Directed by Luke Sparke.
Starring Ryan Kwanten, Jeremy Piven, Tricia Helfer, Nick Wechsler, Anthony Ingruber, Aaron Glenane, Carlos Sanson Jr, Ana Thu Nguyen, Albert Mwangi, Adolphus Waylee, Henry Nixon, Lincoln Lewis, Jeremy Lindsay Taylor, Marcus Johnson and Jake Ryan.
SYNOPSIS:
Vietnam. 1968. A recon unit known as Vulture Squad is sent to an isolated jungle valley to uncover the fate of a missing Green Beret platoon. They soon discover they are not alone.
Ever since audiences were gripped by the scale and impressive effects of Jurassic Park, successive dinosaur movies have struggled to be taken seriously – and often for good reason. Much like the numerous Jurassic sequels, then the wave of trashy “Giant xxx vs xxx” creature-features, it wasn’t long before the very idea of making a dinosaur film more or less earmarked it for the free-to-stream backwaters: the modern-day equivalent of the video-rental bargain bin.
Some have overcome this stigma, and Primitive War is the kind of pulp-novel visual that promises the film you’re about to watch knows exactly what it is: a gonzo war picture where the horrors of ’68 collide with the hungers of the Late Cretaceous. This film takes that promise and sprints with it, sometimes stumbling, often surprising, and largely delivering a muscular creature feature with a surprisingly human core.

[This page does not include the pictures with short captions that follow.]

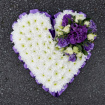 Sympathy Flowers | Massed Heart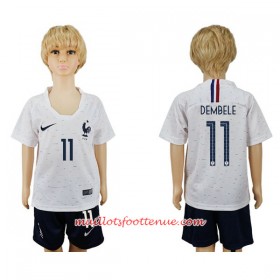 Maillot/Tenue France Dembele 11 Enfant Exterieur Coupe du monde 2018
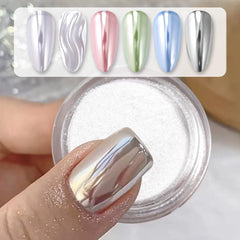 Born Pretty applicator stick detail for easy rubbing and flawless mirror effect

Set in 1968, Luke Sparke’s film drops us straight into the fallout of one mission as Vulture Squad, a tight and well-seasoned recon team led by Ryan Kwanten’s Baker, expects a rare breather. Instead, they’re packed off on a classified recovery job involving a vanished Green Beret unit.
Within minutes of entering the jungle, the squad realise this isn’t just another slog through enemy territory. The treeline is scarred by something colossal. Corpses are mutilated in ways no VC unit could manage. And the night carries a shrill, guttural cry that doesn’t belong in any war movie.
When the dinosaurs show themselves, Sparke resists the temptation to treat the moment as a punchline. The first attack is shot with a kind of grim conviction, grounding the absurdity in sheer panic. From there, the film reveals its triptych shape: a Vietnam thriller; a survival adventure; and an eventual dive into the Cold War science-fiction explaining how these animals crossed 65 million years to arrive in a live-fire zone.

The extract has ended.